The records that follow are to be repeated in full, with no pictures retained.
BEGIN
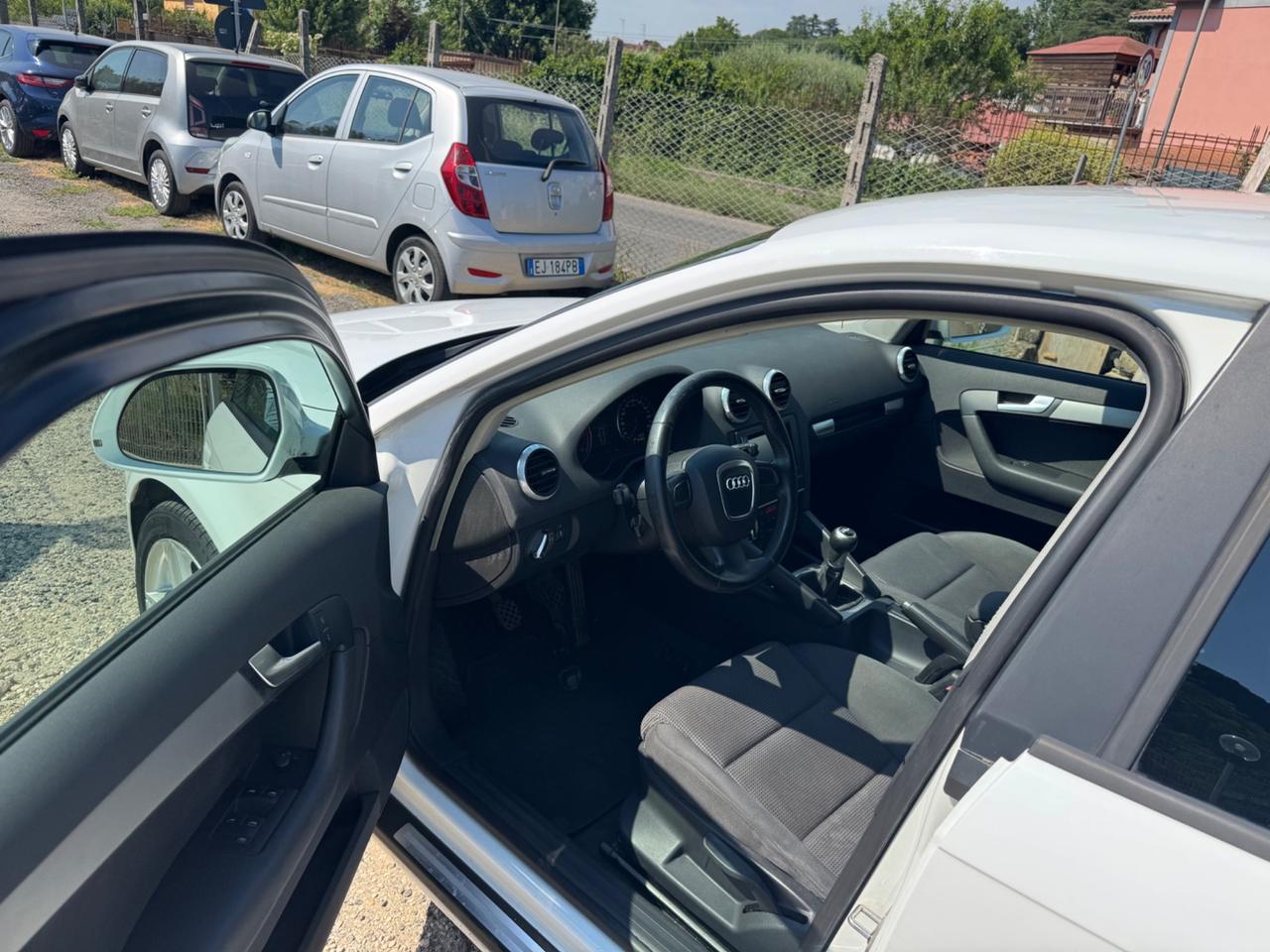 Audi A3 1.6 TDI 90 CV CR F.AP. Attraction NEOPATENTATI
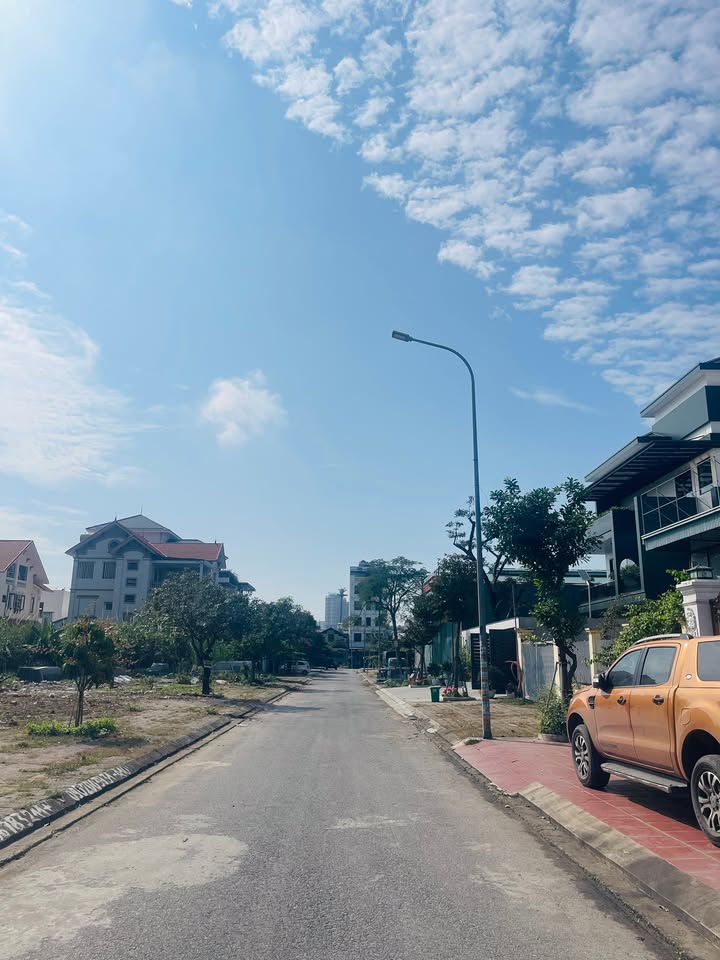 Biệt thự HKA Hạ Long 375m² hướng biển - Sổ đỏ sẵn sàng giao dịch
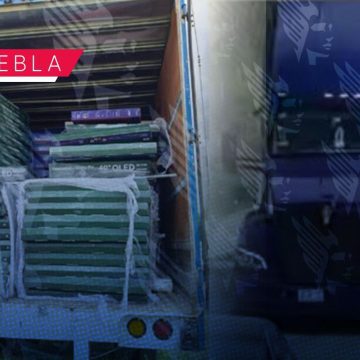 Recuperan tractocamión con cargamento de pantallas y electrodomésticos en Cuautlancingo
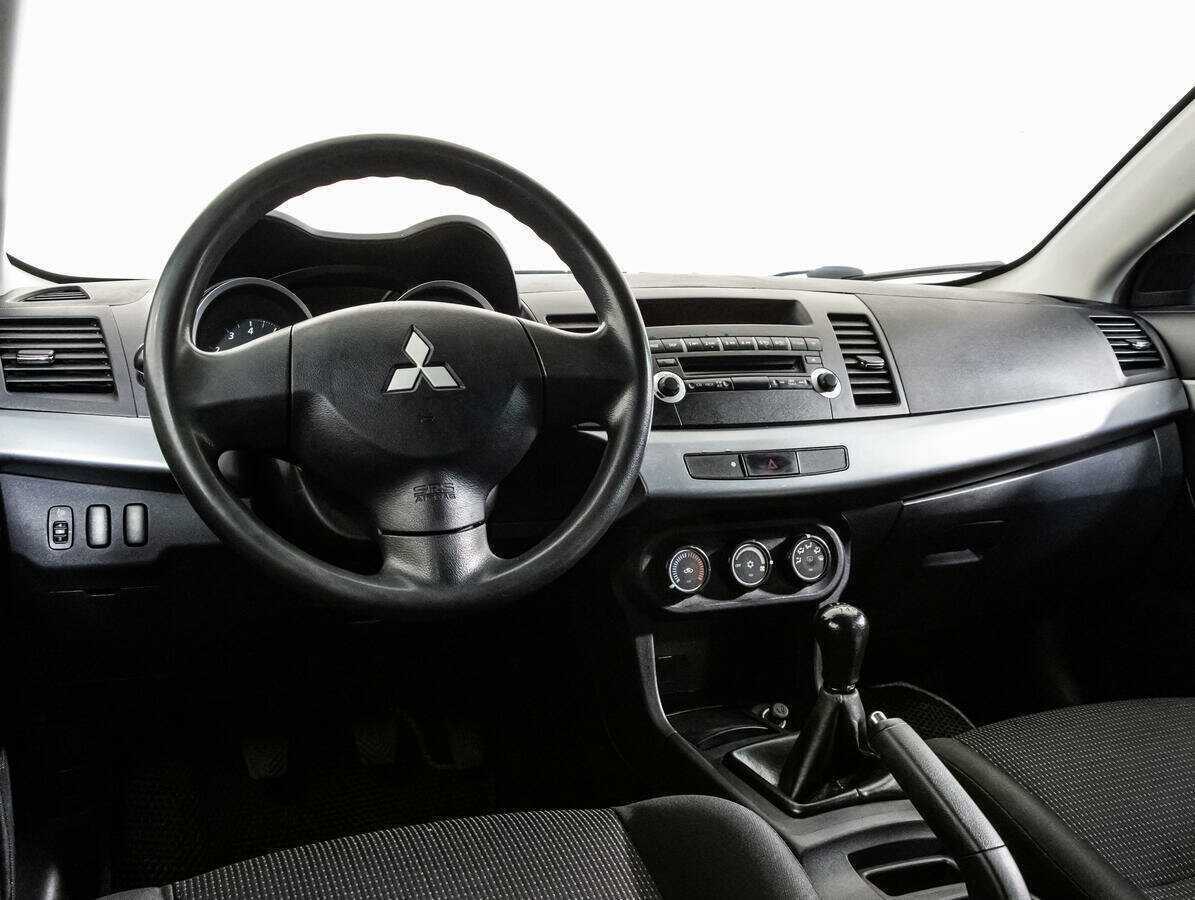 Mitsubishi Lancer, 2010 Фото №11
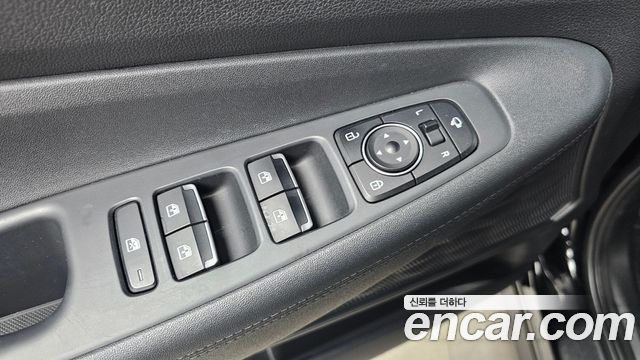 Hyundai Santafe 2021 — photo 22
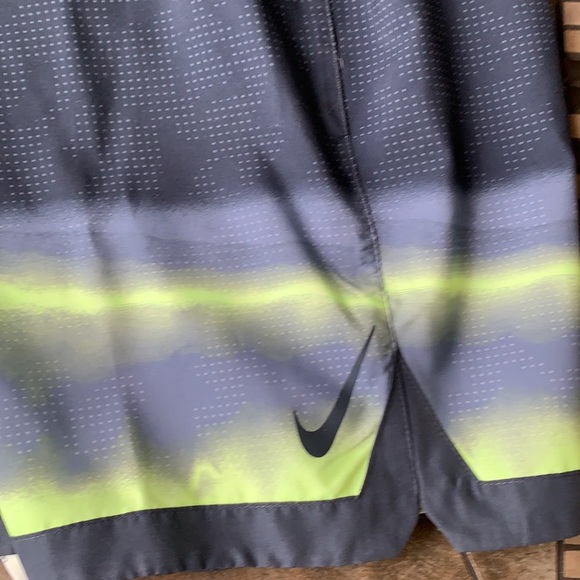 NIKE REPEL SWIMMING SHORTS MENS - Picture 4 of 12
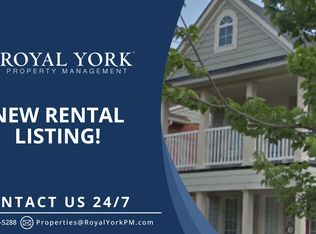 13 Peony St #2, Markham, ON L6B1M2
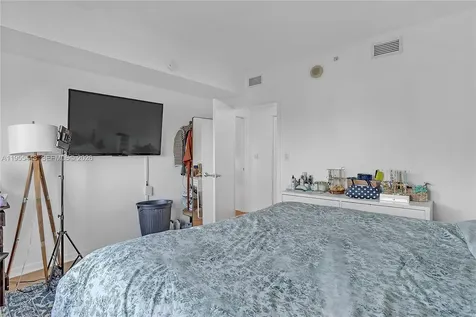 325 S Biscayne Bl Miami FL 33131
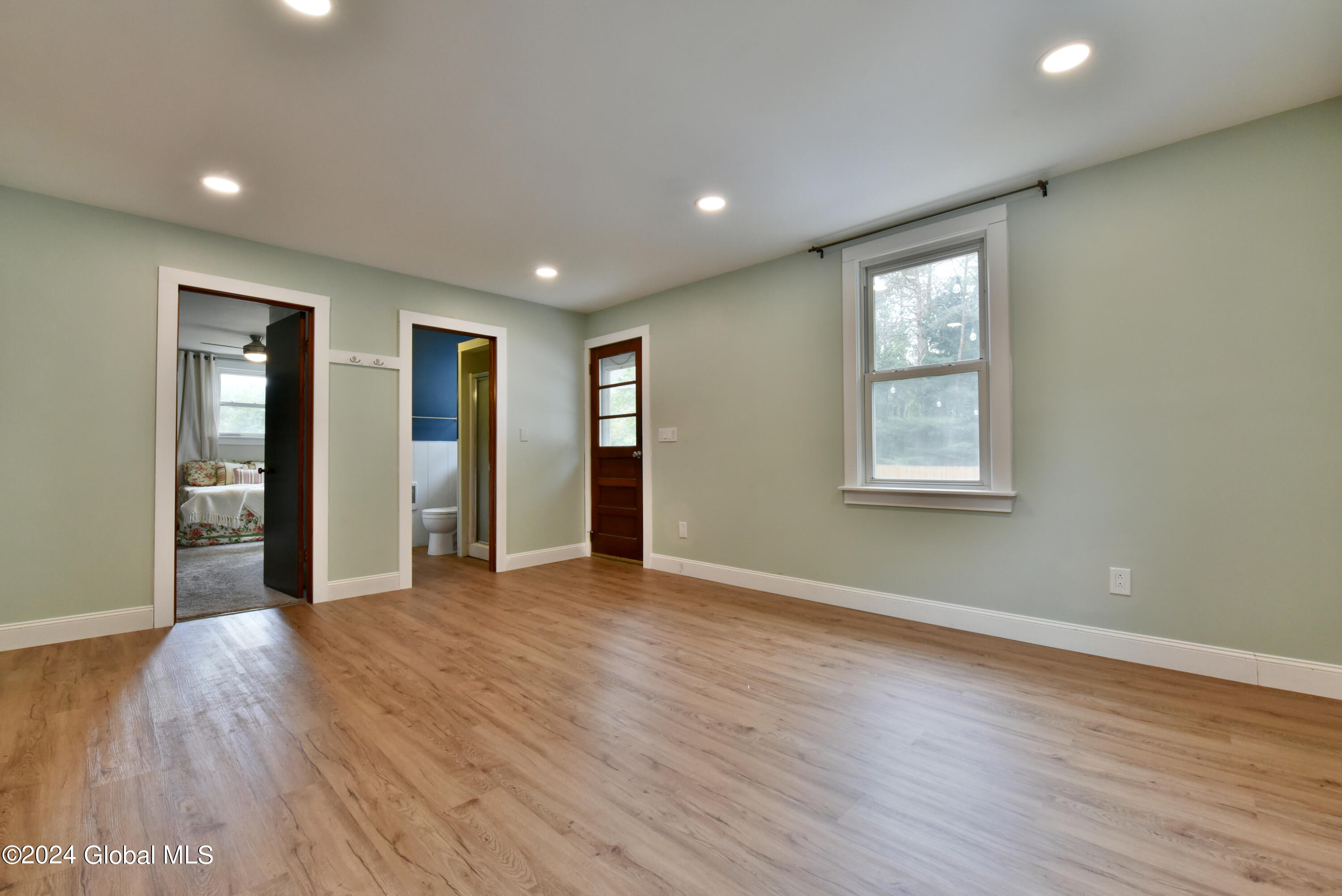 186 Vischer Ferry Road Rexford, NY 12148 - Photo 18 of 37 22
END
* [Response to the task]
 Audi A3 1.6 TDI 90 CV CR F.AP. Attraction NEOPATENTATI
 Biệt thự HKA Hạ Long 375m² hướng biển - Sổ đỏ sẵn sàng giao dịch
 Recuperan tractocamión con cargamento de pantallas y electrodomésticos en Cuautlancingo
 Mitsubishi Lancer, 2010 Фото №11
 Hyundai Santafe 2021 — photo 22
 NIKE REPEL SWIMMING SHORTS MENS - Picture 4 of 12
 13 Peony St #2, Markham, ON L6B1M2
 325 S Biscayne Bl Miami FL 33131
 186 Vischer Ferry Road Rexford, NY 12148 - Photo 18 of 37 22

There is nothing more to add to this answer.